However, since then got string of excuses of why not to meet back up. Gave up, ignored him at work a couple of weeks after. Texted him to meet up and try and set anything straight but although he initially agreed - got excuses again the morning we were supposed to meet. So texted him with a brief (and mebbe too nice!) reason of why wanted to meet then properly gave up after that deciding it wasnt worth it.
Since then i've seen him at work once a week - but he will not acknowledge me. I dont want a relationship now and i am not hung up on it, but my principles are saying that he could at least be civil and say "hi"?!! Its not like he hasnt seen me either but he is obviously ignoring coming anywhere near me - i.e. Wont even come and sit in a big group with mutual friends and will instead go and sit in corner with one or two others.
I know its been a while now and i should just carry on leaving him to his silly games. But a part of me just wants to say "oi...stop avoiding me!" i'm not going to pounce on him and i've not been inundating him with texts or stalker behaviour. Just would appreciate him to be civil and acknowledge that i actually exist - especially when we have mutual friends, see each other almost every week, get on pretty well (or at least i thought so!) and not to mention the fact we did the most intimate thing we could do together! However i dont want to be the one to come across as clingy, as i did say i wanted to see him again when we were textin a few days after the date (mistake?!). So i dont think i should make any more moves to reconcile.

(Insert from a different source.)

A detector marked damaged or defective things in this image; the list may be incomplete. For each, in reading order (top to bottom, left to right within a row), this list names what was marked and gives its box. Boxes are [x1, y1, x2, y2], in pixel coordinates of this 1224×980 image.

Am i going about this the right way ? i seriously am not bothered about the lack of romantic interest from him but i would rather we would at least be able to be slightly friendly again and whatever the situation its not nice to know theres a reason that someones ignoring you. I dont know whether to talk to him like nothing happened or not talk to him until he actually makes proper conversation again. i kinda refuse to text him and sort anything out as i feel if i were to it should be done face to face, but its finding an appropriate time and whether it would be a mistake or not.
grr
I was under the impression all was well etc, as felt pretty confident in what i was doing etc (sometimes get a bit nervous with guys and how i come across) and i kinda know that it was a bit unorthodox of sex on first date leading to more or whatever but the apparent lack of awkwardness and lovliness of guy in question seemed to cloud that factor.

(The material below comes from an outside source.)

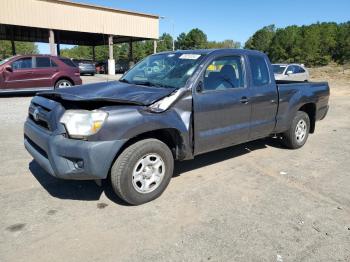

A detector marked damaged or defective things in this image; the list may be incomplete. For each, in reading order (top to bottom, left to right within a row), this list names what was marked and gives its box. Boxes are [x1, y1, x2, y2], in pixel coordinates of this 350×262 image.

crumpled hood [38, 81, 176, 105]
damaged toyota tacoma [23, 49, 330, 205]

However, since then got string of excuses of why not to meet back up. Gave up, ignored him at work a couple of weeks after. Texted him to meet up and try and set anything straight but although he initially agreed - got excuses again the morning we were supposed to meet. So texted him with a brief (and mebbe too nice!) reason of why wanted to meet then properly gave up after that deciding it wasnt worth it.
Since then i've seen him at work once a week - but he will not acknowledge me. I dont want a relationship now and i am not hung up on it, but my principles are saying that he could at least be civil and say "hi"?!! Its not like he hasnt seen me either but he is obviously ignoring coming anywhere near me - i.e. Wont even come and sit in a big group with mutual friends and will instead go and sit in corner with one or two others.

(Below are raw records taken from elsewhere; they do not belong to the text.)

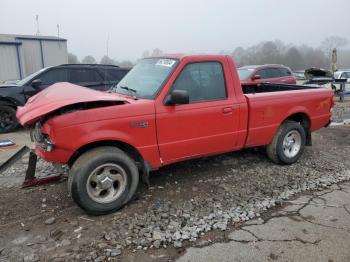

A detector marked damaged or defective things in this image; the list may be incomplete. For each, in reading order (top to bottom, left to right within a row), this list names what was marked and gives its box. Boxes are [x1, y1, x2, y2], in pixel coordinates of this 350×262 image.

crumpled hood [17, 82, 130, 126]
wrecked vehicle [16, 55, 334, 215]
damaged red car [17, 55, 334, 215] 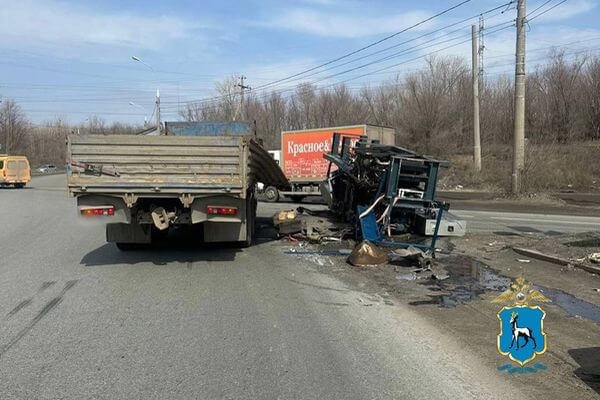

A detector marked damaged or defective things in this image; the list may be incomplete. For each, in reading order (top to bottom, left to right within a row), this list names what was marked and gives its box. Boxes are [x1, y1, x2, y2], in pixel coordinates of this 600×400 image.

destroyed vehicle cab [0, 155, 30, 189]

I know its been a while now and i should just carry on leaving him to his silly games. But a part of me just wants to say "oi...stop avoiding me!" i'm not going to pounce on him and i've not been inundating him with texts or stalker behaviour. Just would appreciate him to be civil and acknowledge that i actually exist - especially when we have mutual friends, see each other almost every week, get on pretty well (or at least i thought so!) and not to mention the fact we did the most intimate thing we could do together! However i dont want to be the one to come across as clingy, as i did say i wanted to see him again when we were textin a few days after the date (mistake?!). So i dont think i should make any more moves to reconcile.
Am i going about this the right way ? i seriously am not bothered about the lack of romantic interest from him but i would rather we would at least be able to be slightly friendly again and whatever the situation its not nice to know theres a reason that someones ignoring you. I dont know whether to talk to him like nothing happened or not talk to him until he actually makes proper conversation again. i kinda refuse to text him and sort anything out as i feel if i were to it should be done face to face, but its finding an appropriate time and whether it would be a mistake or not.
grr
0
Comments
Thats the thing...i questioned it very little about whether things would be ok after or not. Prob naive of me i know now but then it didnt seem to matter. i'm a bit rash thinking sometimes.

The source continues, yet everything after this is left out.